The front cover and the first page of Petrović’s doctoral thesis (University Library “Svetozar Marković”)

The doctoral dissertation of Mihailo Petrović is dedicated to the immovability of zeros, poles and essential singularities in solutions of algebraic first– and second-order differential equations. In accordance with the definition, singularities of solution consist of their poles, essential singularities, final and logarithmic branch points, while movability is defined as a property according to which zeros and singularities are constantly changing as initial conditions of a given equations change. In other words, the property of movability determines whether a problem behaves “well,” unlike the problem which behaves “badly” and which often does not have a solution if initial conditions change. Mihailo Petrović studied problems for which solutions of equations often have singularities independent of the change of initial conditions.

In this first part of his doctoral dissertation, Mihailo Petrović analyzes first-order equations in which one has products of powers of an unknown function y, powers of its derivative $y’$, and of holomorphic functions with respect to the independent variable $x$:

\begin{eqnarray*}

F(x,y,y’) \equiv \sum_{i=1}^{s} \phi_{i}(x)y^{m_{i}}(y’)^{n_{i}}=0.

\end{eqnarray*}

In the statement of the main result of his thesis, an important role is played by a polygon $P$ which Petrović constructs in the following way. Polygon $P$ has an $s$ vertices $(M_{i},N_{i})$, $N_{i} =n_{i}$, $M_{i} =m_{i} + n_{i}$ , $i= 1, \ldots , s$, which have been done according to certain rules, while it designates with $(M_{\alpha},N_{\alpha})$, that is, $(M_{\beta},N_{\beta})$, the most distant i.e. the most proximate vertices to the axis ΟΝ, while λ designates coefficients of the direction of the sides of the polygon. His results subsequently is: *Poles and essential singularities of the general solution of the first-order equation *$F(x,y,y’)=0$ do not change with the constant of integration if and only if the adjacent polygon does not have any vertex right of the highest elevated vertex of the polygon. For the existence of a movable zero of an* *$\lambda$ order, *it is necessarz and sufficient for the polygon to have a side with an *$\lambda$* inclination and to have the moveable pole of an *$\lambda$ * order, if and only if the polygon has a side with an inclination *$-\lambda$*.*

### Polygon R, a drawing from Petrović’s dissertation (University Library “Svetozar Marković”)

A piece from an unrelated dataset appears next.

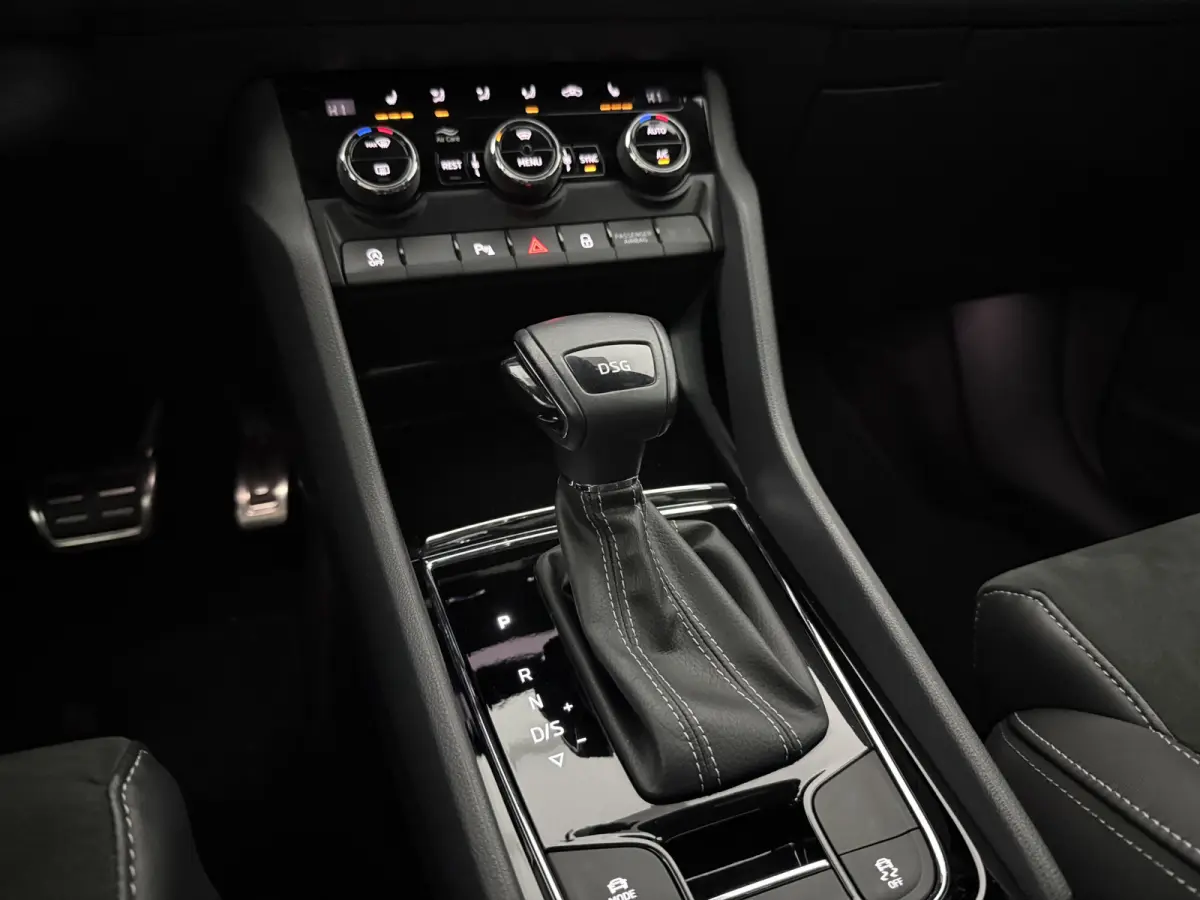 1.5 TSI Sportline | Virtual | Camera | Sfeer | Carplay | Trekhaak | Canton | Memory | Stoel/Stuurverw. | NAP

According to the data analyzed by the historian Dr. Dragan Trifunović, Petrović published 393 papers of which 328 are mathematical manuscripts from twelve different areas in the most prominent journals of that time, as well as today. In academic journal Comtes Rendus, in which, in the opinion of French mathematicians, the very best papers appear, Mihailo Petrović published as much as thirty papers. He has also published his work in Acta mathematica, Mathematische Annalen (two papers), Bulletin de la Sociètè mathèematique de France (fourteen papers), American Journal of Mathematics (three papers), as well as in numerous other Swiss, German, Czech and Polish journals. In terms of the number of published manuscripts in leading international journals, Petrović is still one of the most productive Serbian mathematicians of all times.

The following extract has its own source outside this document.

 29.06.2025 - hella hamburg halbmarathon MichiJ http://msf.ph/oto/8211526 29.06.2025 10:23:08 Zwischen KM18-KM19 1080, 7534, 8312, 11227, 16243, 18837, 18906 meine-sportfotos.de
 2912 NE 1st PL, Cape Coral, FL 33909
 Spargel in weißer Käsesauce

Petrović’s first paper anticipated the topic of his doctoral dissertation and the papers which followed subsequently build up on the results from his dissertation. Independence with respect to constants, of singularities, zeros, extremes and some other properties of a general solution dominates in all these papers as the clear determinant of Petrović’s academic work. This property is the essential, constitutive characteristic of the model he is studying, that is, the equation that describes this model. When he describes the residuum of function, studies the so-called binomial equations of the first order, the asymptotics of the solution, writes about “one class of second-order differential equations” or the nature of the solution, to paraphrase titles of some of his papers, internal structural relation between the dependent and the independent variable depicted by the very equation remains the central goal of his explorations. A great creative potential in academic work, displayed in his doctoral dissertation, is also visible in papers written and published in the period of the First World War when Picard, Appel and Hadamard were publishing them in Comtes Rendus. During the First World War, he resided in Switzerland, where he worked as a cryptographer of the Serbian Army Command. Despite this engagement, he has had sufficient energy to also delve in serious mathematical problems.

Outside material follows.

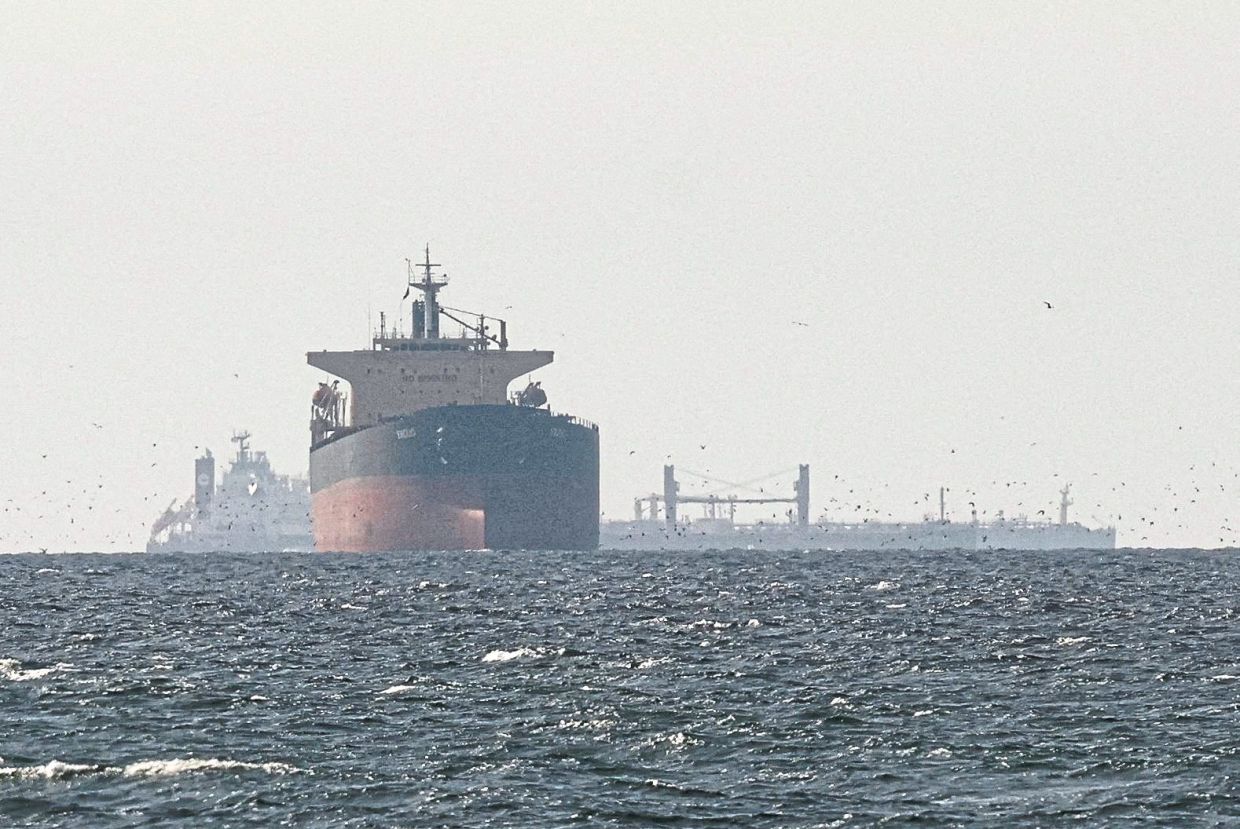 Maersk redistributes fuel to ensure supplies for its vessels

A quantitative analysis of solutions of differential equations, without solving the equation itself, as well as solving certain classes of equations, represent a significant part of the mathematical opus of Mihailo Petrović. In time, as he started to spend more and more time in Serbia and less and less time at the Sorbonne, we can notice that Petrović was engrafting new ideas on the ideas from his doctoral dissertation, as well as on his extraordinary knowledge of the theory of analytical functions. In most of his initial papers from the late 19th and early 20th century, he mostly elaborated the ideas he has developed during his residence and his scholarly work in France. Naturally, the advantages of residing in France had been great and numerous. There, Petrović had access to the latest and crucial literature, and in addition he had immediate contacts with the greatest mathematicians of that time, with whom he could exchange his ideas and results and discuss them. Considering that in his thesis he particularly studied solutions of the equation $y’= R(t,y)$ with the Painlevé property, he explored in particular various forms of Riccati’s equation

$z'(t) = 2α(t)z(t) + b(t) -c(t)z^2(t),$

which can be solved with integrations and familiar special functions. Fuchs has shown that first-order equations, which were also studied by Petrović and solutions of which contain immovable branch points, boil down to matrix form of the Ricotta equation. Several dissertations by his doctoral students used this fact as a starting point. Petrović’s mathematical achievements are not exhausted with and do not rely exclusively on aforementioned ideas and methods. To him, but also to his doctoral students, comparison theorems for solutions of equations with respect to comparison of coefficients or right-hand side of equations, the so-called Sturm type theorems frequently provided an inspiration. His research often features simple but fine mathematical witticism with which he managed to obtain results of a general character for various classes of linear and nonlinear equations. Asymptotics of the solution, mostly of nonlinear Riccati-type equations, has also occupied an important place in his analysis of equations.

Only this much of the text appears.